A new World Bank report released Wednesday said emerging market economies that led the global recovery from the 2007-08 financial crisis are slowing down, with one exception, India.

It called India-led South Asia a “bright spot” in an otherwise gloomy outlook for emerging markets, using a phrase that has come to be used regularly in the recent months for India.

India is projected to grow at 7.8% in 2016, the World Bank said.

Despite the slowdown of emerging economies, most notably China, global growth is projected to touch 2.9% in 2016, against 2015’s 2.5%, the World Bank said its report “Global Economic Prospects”.

Growth in China is projected to slow down even more, and Russia and Brazil — the other emerging markets — will continue to grapple with recession in 2016, it said.

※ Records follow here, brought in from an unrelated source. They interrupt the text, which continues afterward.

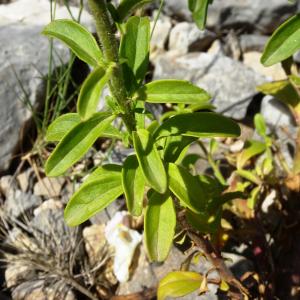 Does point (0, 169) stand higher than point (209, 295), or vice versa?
point (0, 169)

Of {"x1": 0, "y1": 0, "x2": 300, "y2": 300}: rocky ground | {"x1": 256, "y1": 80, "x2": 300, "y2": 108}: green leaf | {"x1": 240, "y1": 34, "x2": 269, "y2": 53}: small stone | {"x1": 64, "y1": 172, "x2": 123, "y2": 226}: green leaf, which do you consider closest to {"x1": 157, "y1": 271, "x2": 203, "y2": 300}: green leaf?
{"x1": 0, "y1": 0, "x2": 300, "y2": 300}: rocky ground

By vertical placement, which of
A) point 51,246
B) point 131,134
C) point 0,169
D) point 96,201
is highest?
point 131,134

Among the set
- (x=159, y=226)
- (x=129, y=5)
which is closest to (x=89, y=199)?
(x=159, y=226)

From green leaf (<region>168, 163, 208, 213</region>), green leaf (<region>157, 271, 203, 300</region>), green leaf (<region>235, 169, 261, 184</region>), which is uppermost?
green leaf (<region>168, 163, 208, 213</region>)

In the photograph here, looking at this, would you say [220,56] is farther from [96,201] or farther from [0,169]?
[96,201]

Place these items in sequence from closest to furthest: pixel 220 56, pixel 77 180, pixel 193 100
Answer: pixel 193 100
pixel 77 180
pixel 220 56

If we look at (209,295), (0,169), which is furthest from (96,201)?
(0,169)

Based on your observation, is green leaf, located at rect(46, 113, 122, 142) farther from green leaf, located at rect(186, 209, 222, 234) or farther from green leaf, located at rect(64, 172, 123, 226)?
green leaf, located at rect(186, 209, 222, 234)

“The South Asia region is projected to be a bright spot in an otherwise gloomy outlook for emerging and developing economies, with growth accelerating to 7.3% in 2016,” it said.

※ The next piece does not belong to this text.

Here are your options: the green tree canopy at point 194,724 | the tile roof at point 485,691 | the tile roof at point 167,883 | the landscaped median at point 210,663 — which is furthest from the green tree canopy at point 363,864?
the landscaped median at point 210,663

What’s working for India? Top of the World Bank’s list is its “reduced external vulnerabilities”, which will help it withstand volatility in global financial markets. Secondly, “a strengthening domestic business cycle” and, thirdly, a “supportive policy environment”, which is a reference to ongoing, and speeded up reforms.

Low gas prices will help, of course, as with other economies of the region, but, the report said, low inflation and higher government wages will fuel demand and urban spending.

It said India, which accounts for 90% of investment inflows into the region, “should remain attractive to investors in comparison to other major emerging market”.

But there’s bad news as well. “Political standoffs in India could stall reforms,” the bank said. “A failure to pass the Goods and Services Tax and land reforms could constrain spending on infrastructure and impede a stronger recovery in private investment.”